▶ _TASK DESCRIPTION_
All of the data below needs to be set down once more, exactly as written.

▶ _DATA SEGMENT_
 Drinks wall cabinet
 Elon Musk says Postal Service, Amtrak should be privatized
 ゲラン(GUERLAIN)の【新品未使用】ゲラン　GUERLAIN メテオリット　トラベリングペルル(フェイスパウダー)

▶ _RESULT OF THIS EXERCISE_
 Drinks wall cabinet
 Elon Musk says Postal Service, Amtrak should be privatized
 ゲラン(GUERLAIN)の【新品未使用】ゲラン　GUERLAIN メテオリット　トラベリングペルル(フェイスパウダー)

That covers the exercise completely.